== Segment start ==
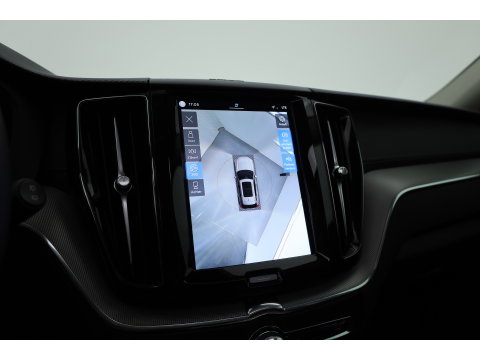 Volvo XC60 2.0 T8 Plug-in hybrid AWD Ultimate Dark | Pano | Trekhaak | HUD | Pilot Assist | Bliss | Leder | H&K | 360cam | Stoel- Stuurverw.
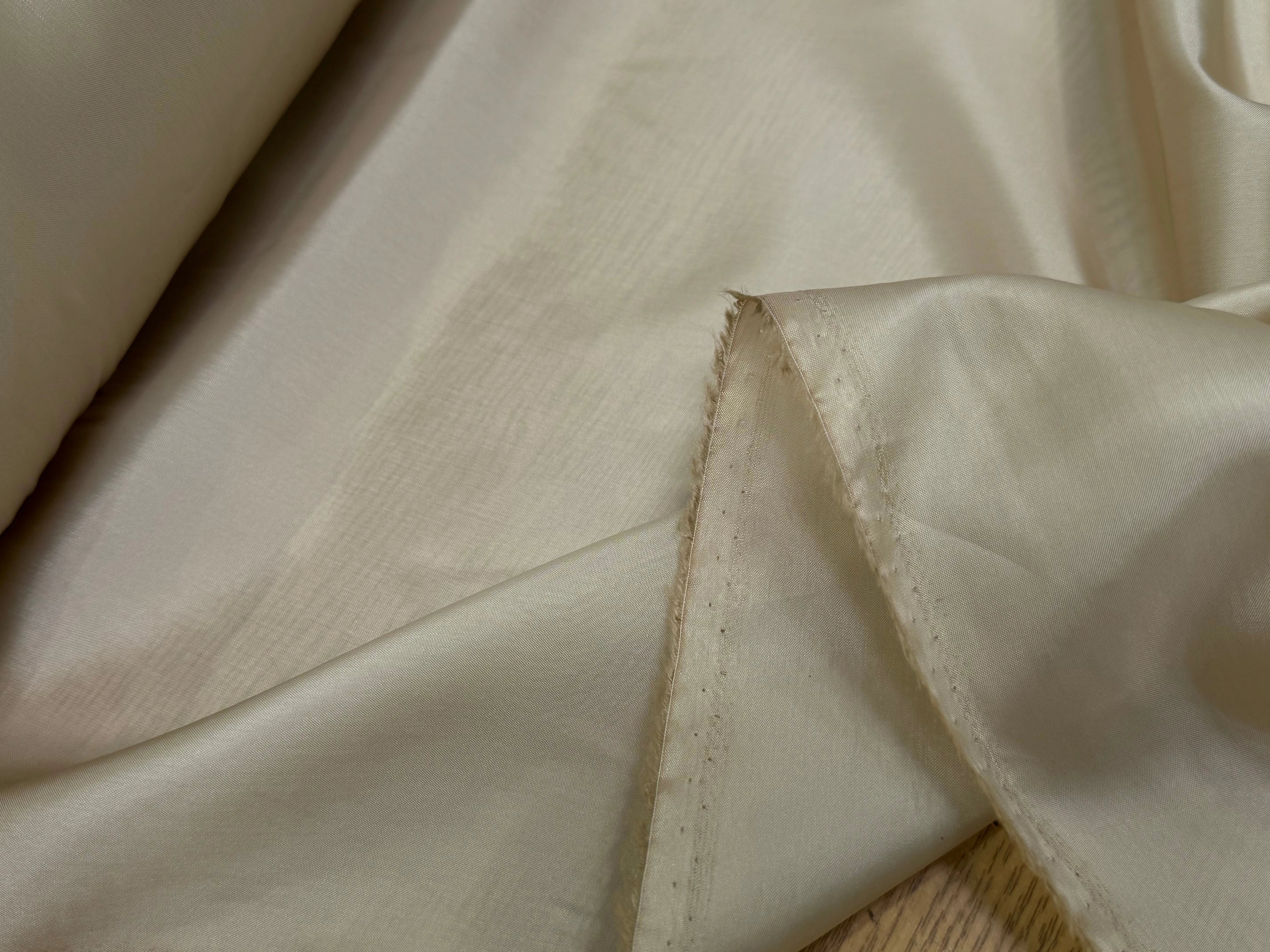 DOUBLURE ACETATE CUPRO FINE LÉGÈREMENT SATINÉE BEIGE FONCÉ - My Little Coupon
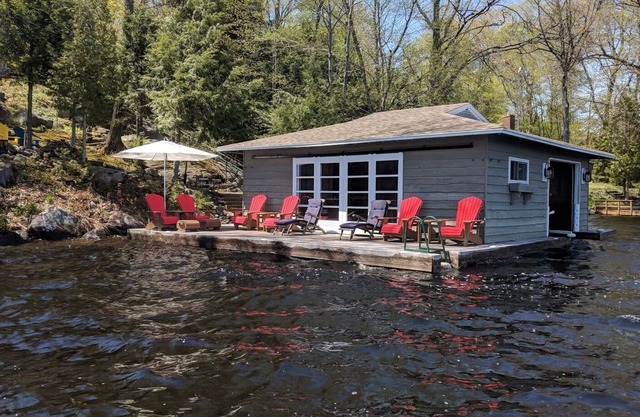 Beautiful Log Cottage & Boat House on Lake Muskoka "Tall Trees"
== Segment end ==
* [Your assignment]:
Every line above should be returned word for word, with the pictures left behind.

* [Result of the exercise]:
 Volvo XC60 2.0 T8 Plug-in hybrid AWD Ultimate Dark | Pano | Trekhaak | HUD | Pilot Assist | Bliss | Leder | H&K | 360cam | Stoel- Stuurverw.
 DOUBLURE ACETATE CUPRO FINE LÉGÈREMENT SATINÉE BEIGE FONCÉ - My Little Coupon
 Beautiful Log Cottage & Boat House on Lake Muskoka "Tall Trees"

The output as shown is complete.